■ **EXTRACTED ENTRIES**:
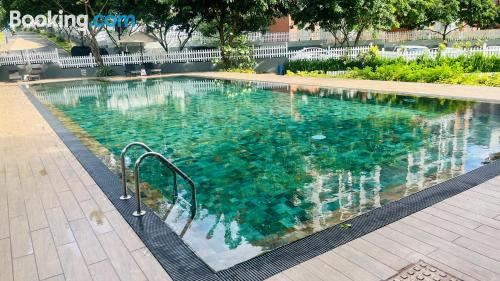 Hotel MACA Canterbury Apartment, Leisure & Recreation, Outdoor Swimming Pool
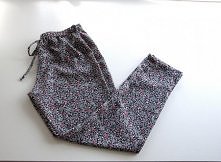 Jak uszyć piżamowe spodnie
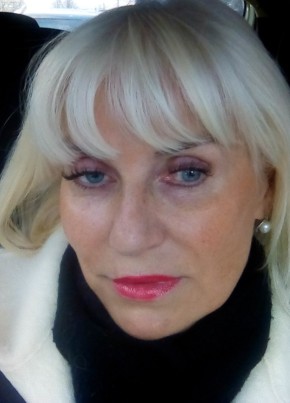 Елена из Вологды 61 год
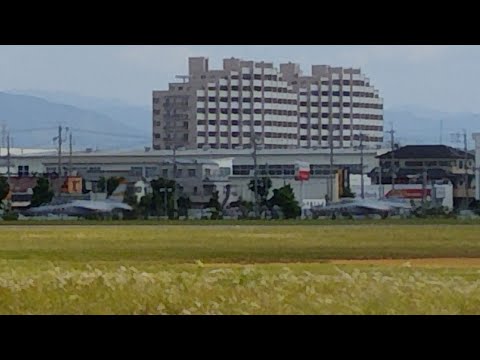 2021年 浜松ブルーインパルス訓練 YouTubeライブ配信アーカイブのサムネイル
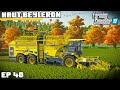 LET'S GET THIS MONSTER INTO THE BEET | Farming Simulator 22 - Haut-Beyleron | Episode 40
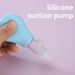 Ema ja lapsed Kuum müüdav vastsündinud ninaaspiraator külma tatipuhastusvahend beebi tagasivooluvastane silikoonist ninaaspiraator_voghion.com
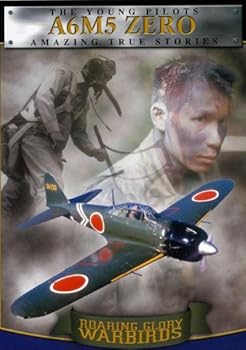 【中古】Roaring Glory Warbirds: Mitsubishi A6m5 Zero [DVD]
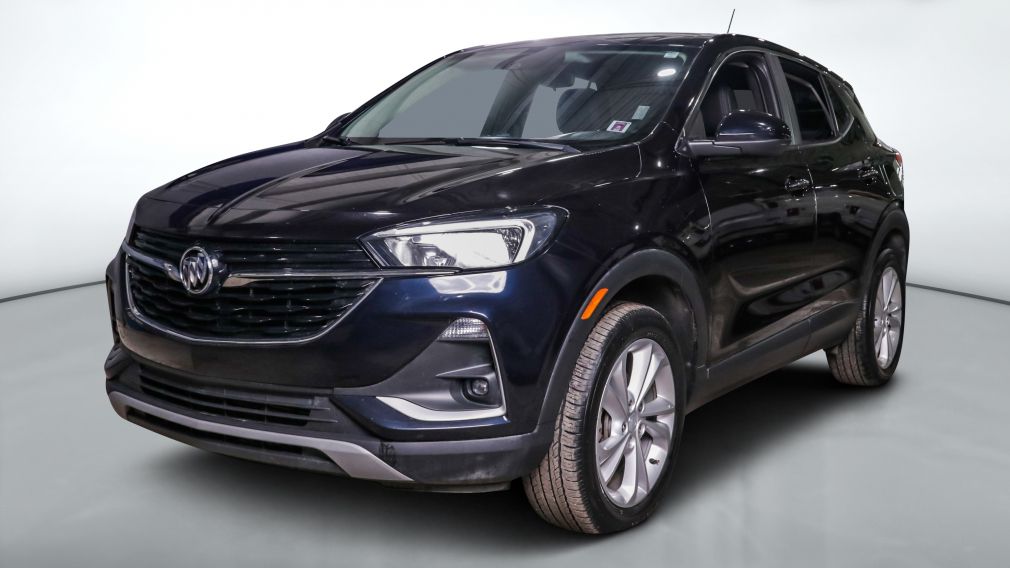 Buick Encore GX Preferred 2021 d&rsquo;occasion à vendre - 3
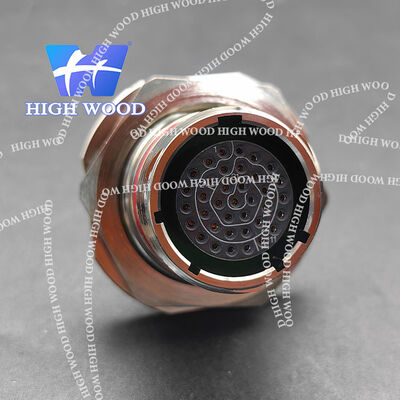 MIL-DTL-38999 Series Ⅰ，Ⅱ，And Ⅲ Connectors, D38999/24TD35SLN. D38999 Series Ⅲ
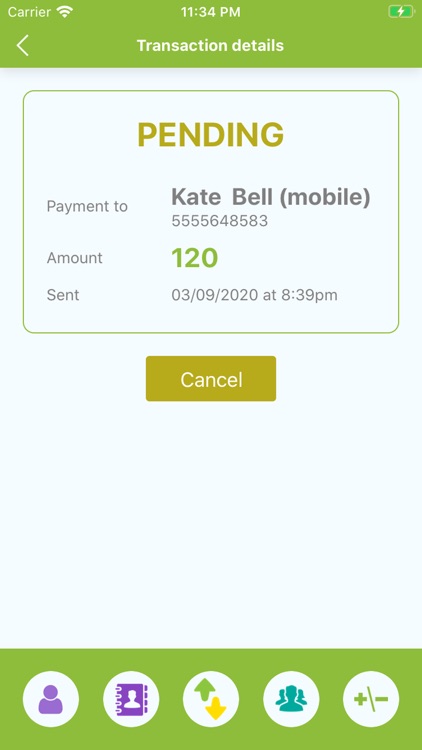 The AnteApp screenshot-4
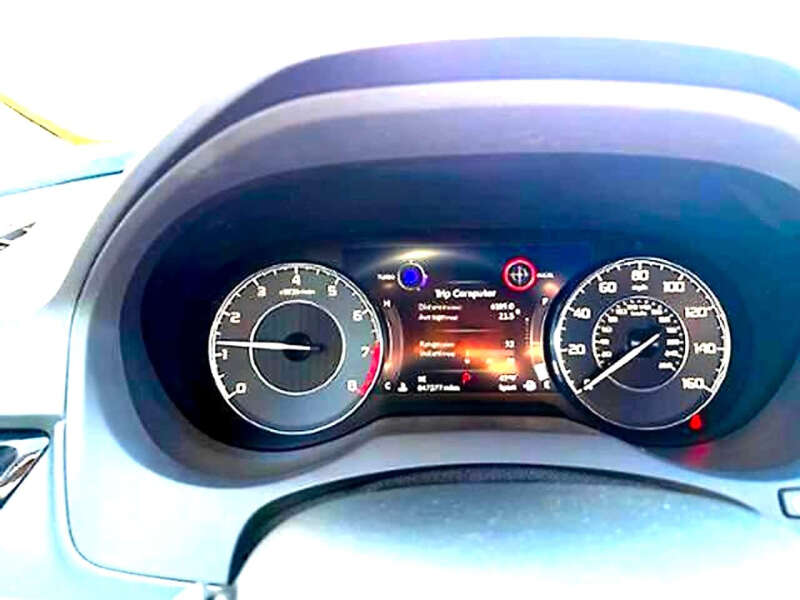 2021 Acura RDX SH-AWD w/Tech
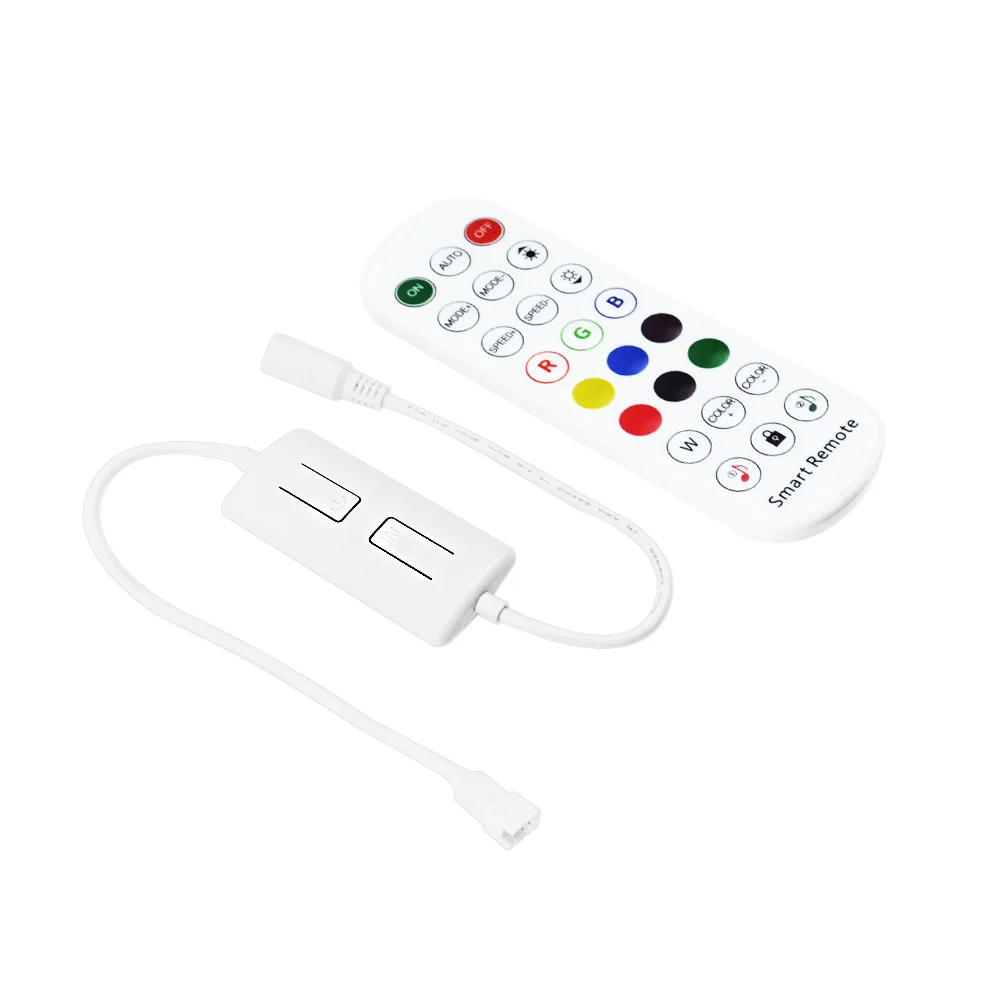 External Simple New LED Bluetooth Phantom Controller with Wireless RF433 Touch Remote Control for Commercial Lighting,Plaza,Bar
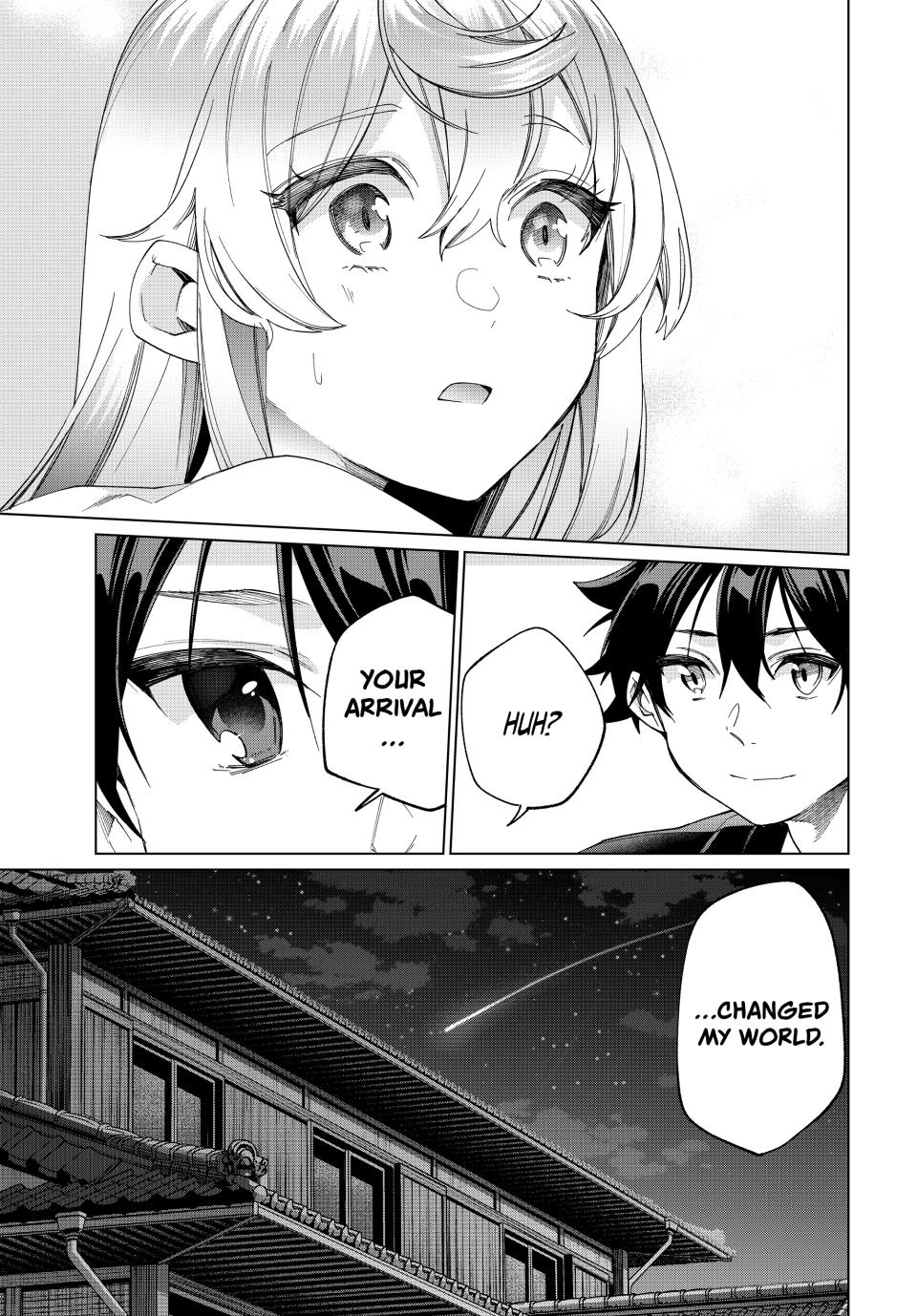 Tanbo de Hirotta Onna Kishi, Inaka de Ore no Yome dato Omowareteiru Chap 41 - Next Chap 42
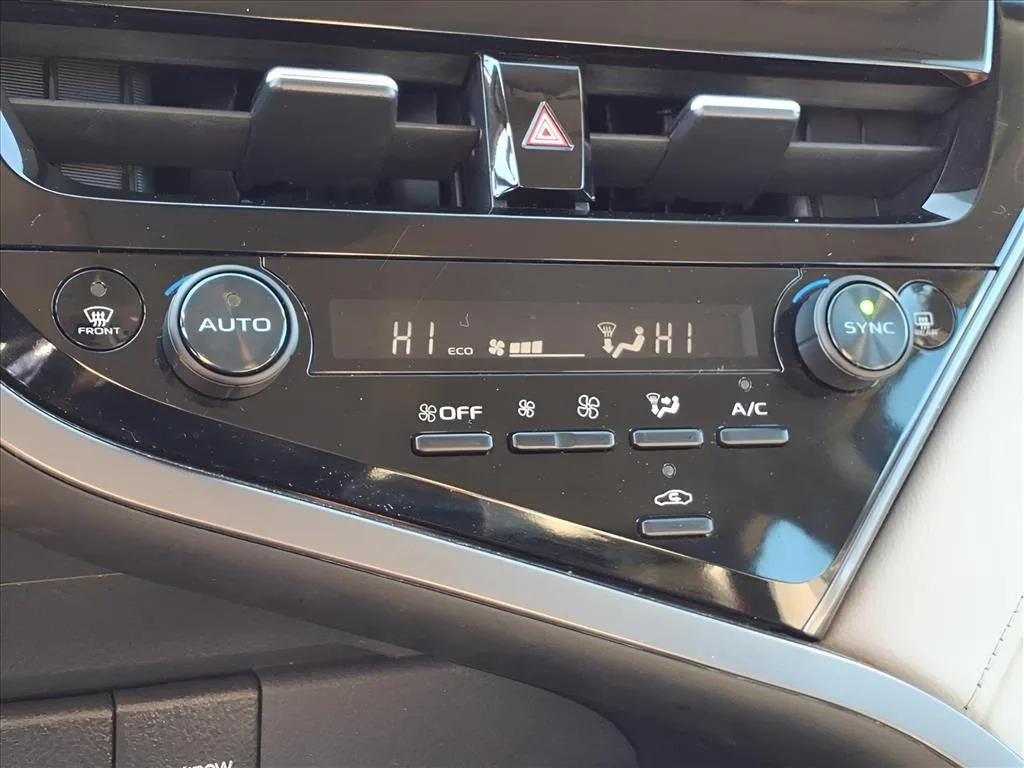 used 2024 Toyota Camry car, priced at $23,900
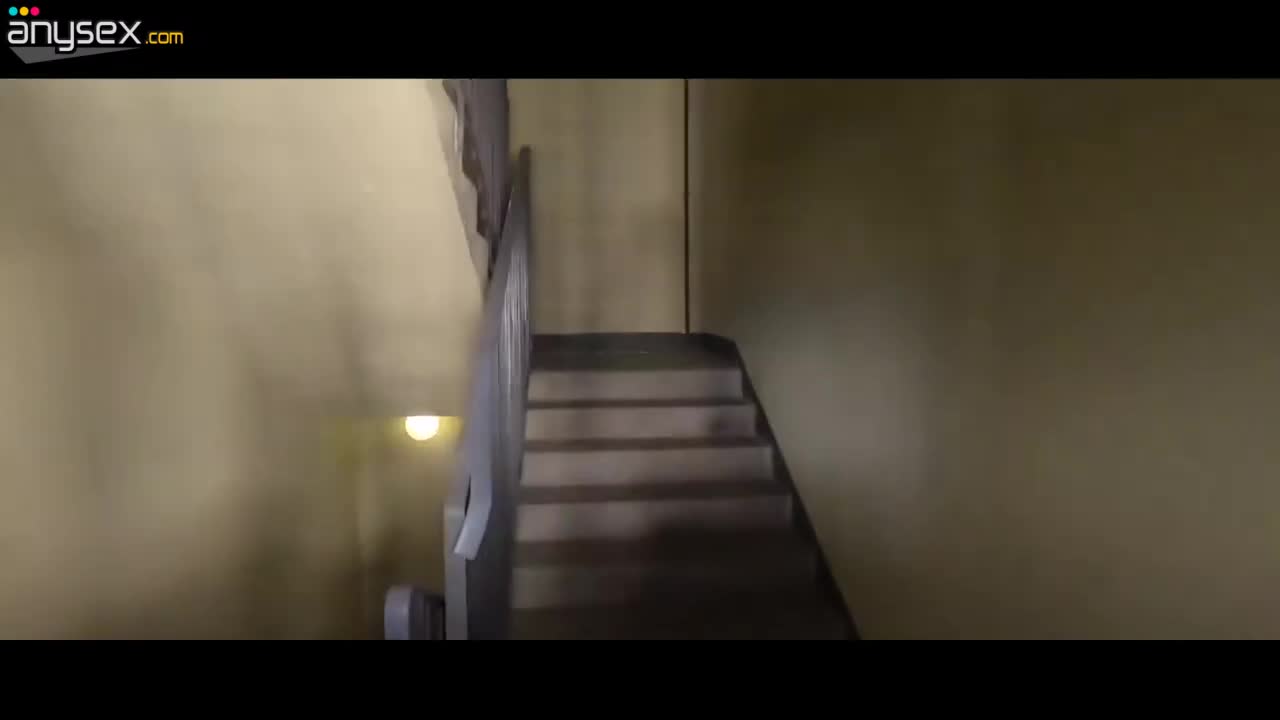 Stepsister couldn't wait to get home and had to fuck her in the lobby Free Porn Videos | ePornAny.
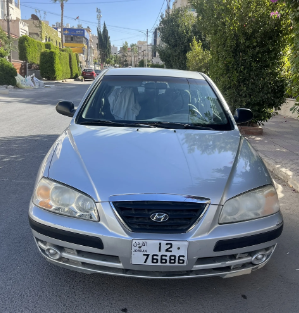 هيونداي النترا xd 2006 للبيع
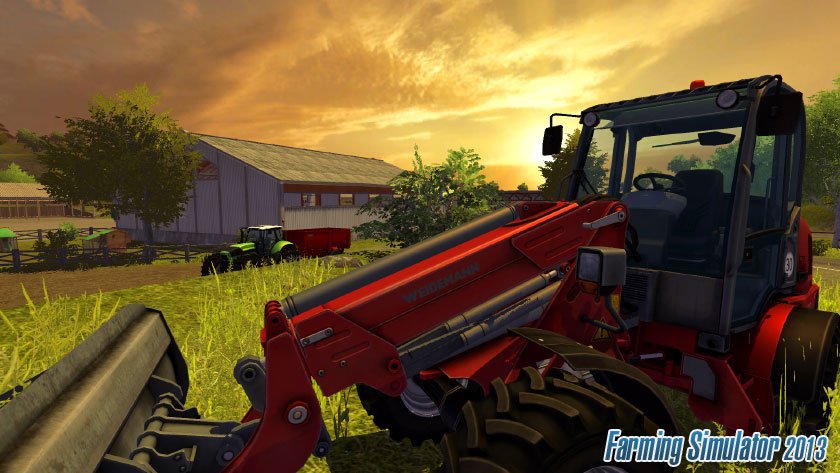 Farming Simulator 2013 — скриншот 1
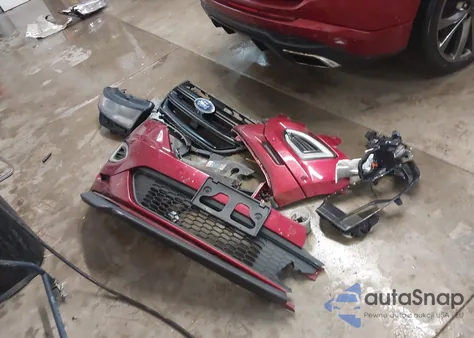 2017 Ford Edge Sport из США, поврежденный, VIN 2FMPK4AP7HBC61319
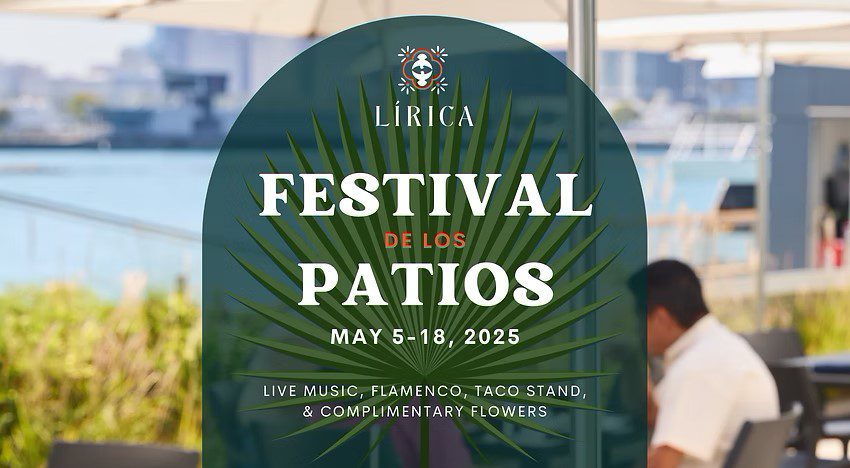 festival de los patio lirica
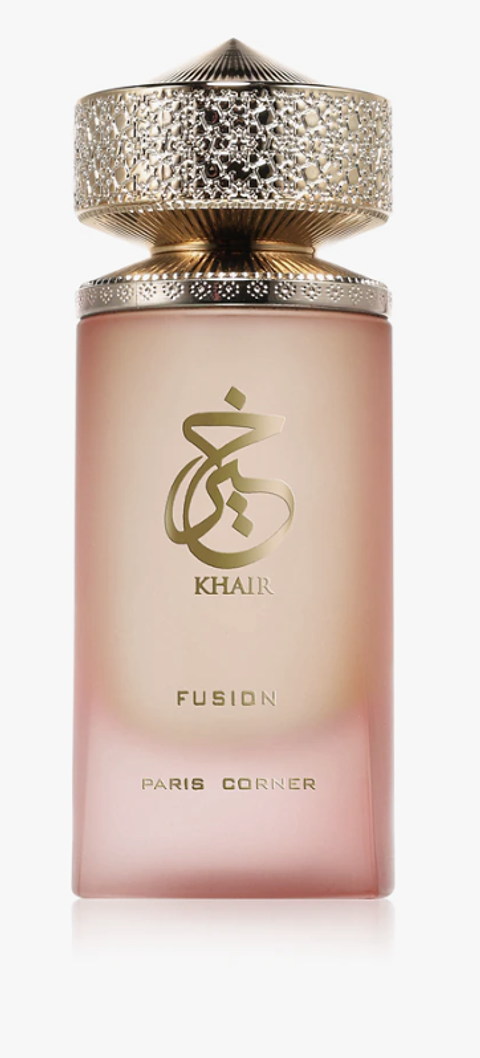 Paris Corner Oriental Collection Khair Fusion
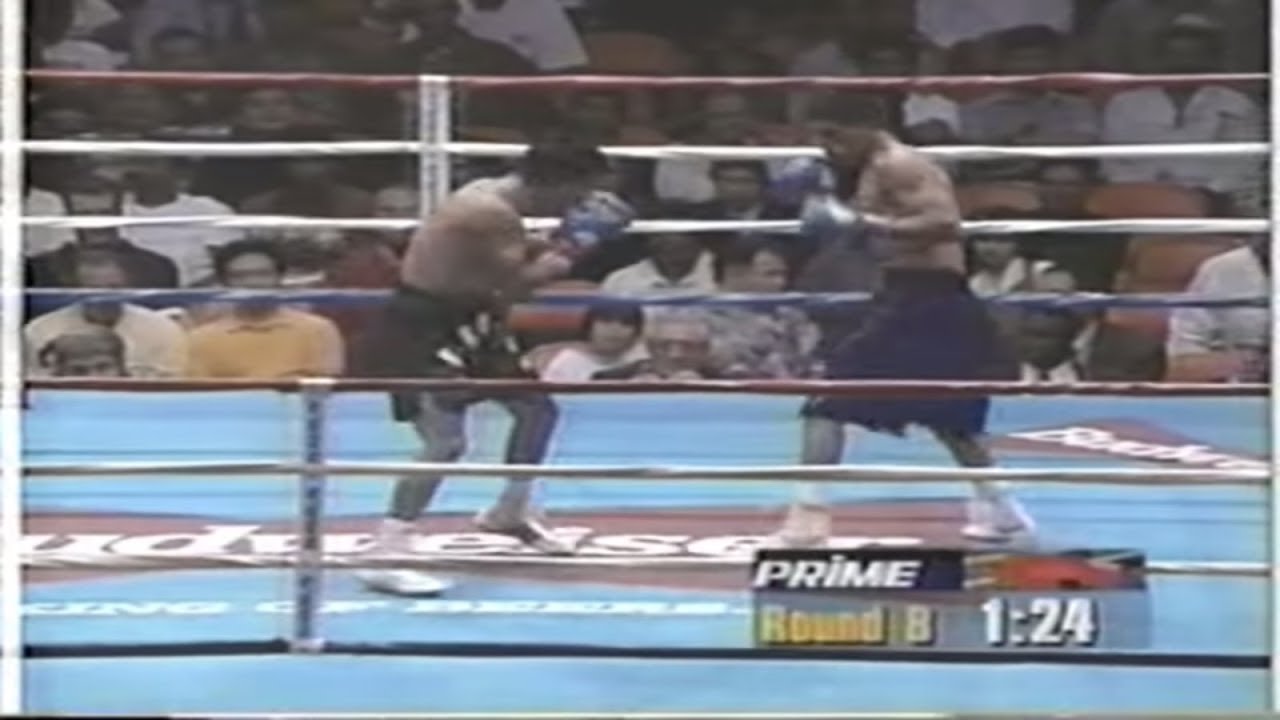 Juan Manuel Marquez vs Julio Cesar Sanchez Leon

■ **WORK TO COMPLETE**:
From the first line to the last, reproduce the records above exactly and skip the pictures.

■ **TASK SOLUTION**:
 Hotel MACA Canterbury Apartment, Leisure & Recreation, Outdoor Swimming Pool
 Jak uszyć piżamowe spodnie
 Елена из Вологды 61 год
 2021年 浜松ブルーインパルス訓練 YouTubeライブ配信アーカイブのサムネイル
 LET'S GET THIS MONSTER INTO THE BEET | Farming Simulator 22 - Haut-Beyleron | Episode 40
 Ema ja lapsed Kuum müüdav vastsündinud ninaaspiraator külma tatipuhastusvahend beebi tagasivooluvastane silikoonist ninaaspiraator_voghion.com
 【中古】Roaring Glory Warbirds: Mitsubishi A6m5 Zero [DVD]
 Buick Encore GX Preferred 2021 d&rsquo;occasion à vendre - 3
 MIL-DTL-38999 Series Ⅰ，Ⅱ，And Ⅲ Connectors, D38999/24TD35SLN. D38999 Series Ⅲ
 The AnteApp screenshot-4
 2021 Acura RDX SH-AWD w/Tech
 External Simple New LED Bluetooth Phantom Controller with Wireless RF433 Touch Remote Control for Commercial Lighting,Plaza,Bar
 Tanbo de Hirotta Onna Kishi, Inaka de Ore no Yome dato Omowareteiru Chap 41 - Next Chap 42
 used 2024 Toyota Camry car, priced at $23,900
 Stepsister couldn't wait to get home and had to fuck her in the lobby Free Porn Videos | ePornAny.
 هيونداي النترا xd 2006 للبيع
 Farming Simulator 2013 — скриншот 1
 2017 Ford Edge Sport из США, поврежденный, VIN 2FMPK4AP7HBC61319
 festival de los patio lirica
 Paris Corner Oriental Collection Khair Fusion
 Juan Manuel Marquez vs Julio Cesar Sanchez Leon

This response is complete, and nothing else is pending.